== Segment start ==
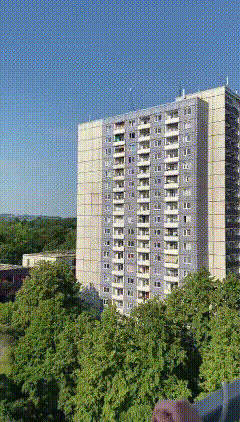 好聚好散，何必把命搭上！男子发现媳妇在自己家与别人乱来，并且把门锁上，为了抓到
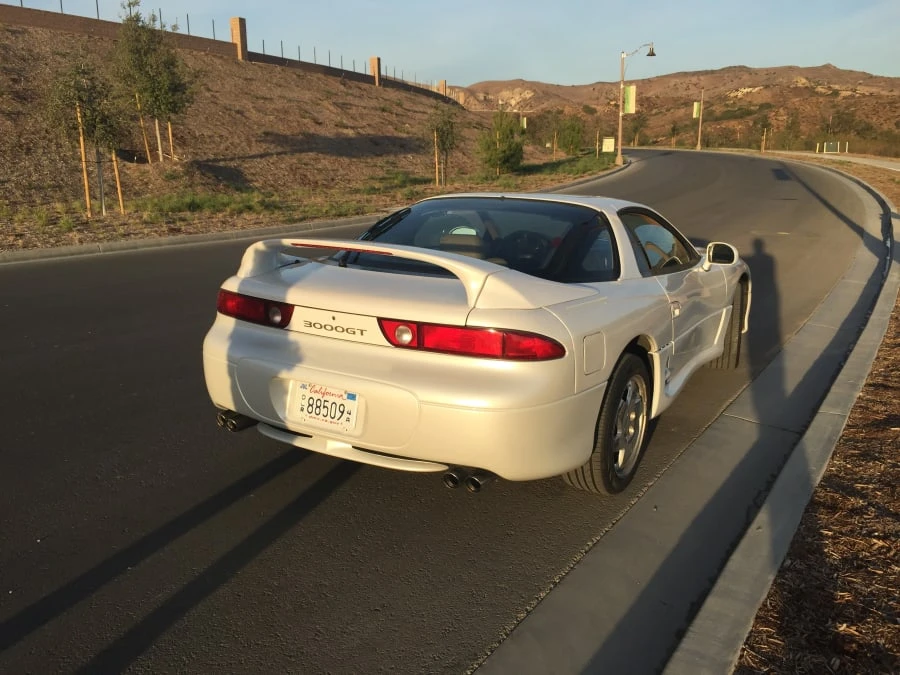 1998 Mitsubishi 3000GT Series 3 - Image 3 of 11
== Segment end ==
== Segment start ==
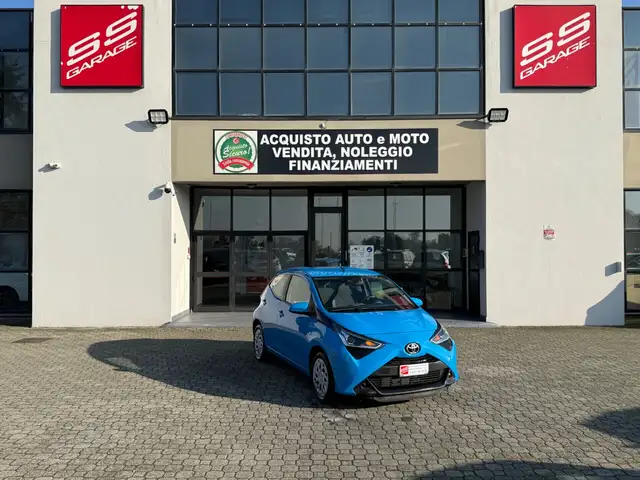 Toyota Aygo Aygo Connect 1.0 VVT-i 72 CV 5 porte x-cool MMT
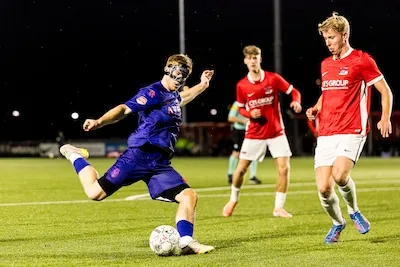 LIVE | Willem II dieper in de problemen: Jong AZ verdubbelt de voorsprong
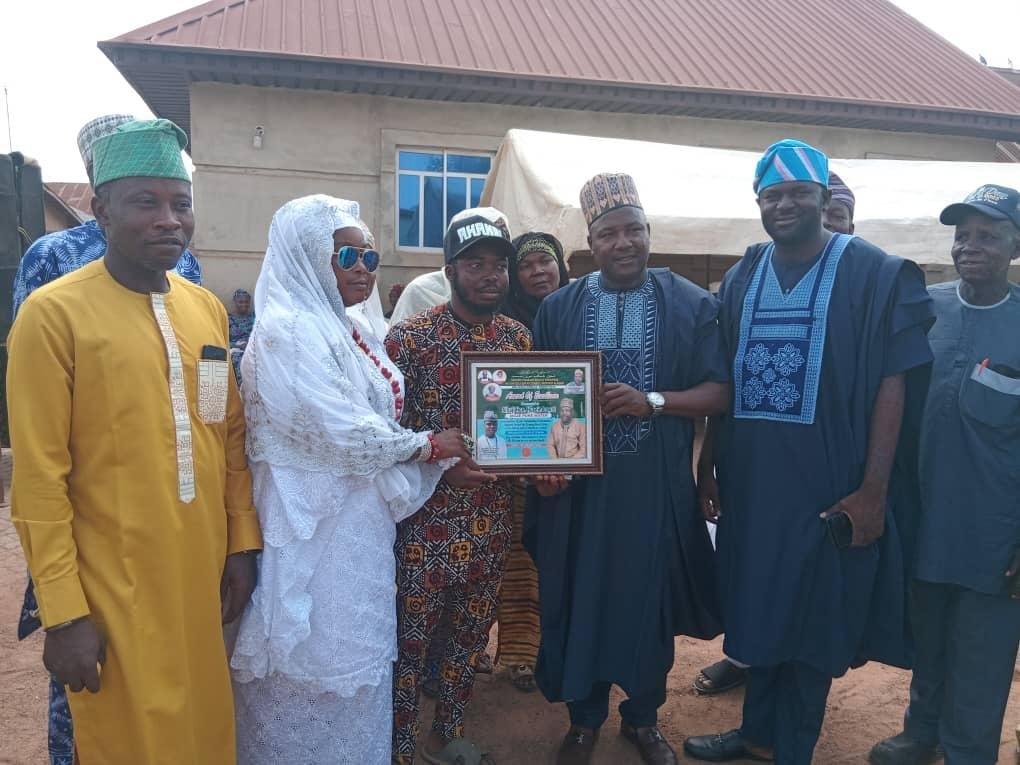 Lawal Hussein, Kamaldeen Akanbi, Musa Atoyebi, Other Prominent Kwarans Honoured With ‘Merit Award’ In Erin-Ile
== Segment end ==
- Exercise directions:
In the listing above, find the line containing "好聚好散，何必把命搭上！男子发现媳妇在自己家与别人乱来，并且把门锁上，为了抓到". Output it and every line after it up to and including the line containing "1998 Mitsubishi 3000GT", exactly, but skip the pictures.

- Exercise response:
 好聚好散，何必把命搭上！男子发现媳妇在自己家与别人乱来，并且把门锁上，为了抓到
 1998 Mitsubishi 3000GT Series 3 - Image 3 of 11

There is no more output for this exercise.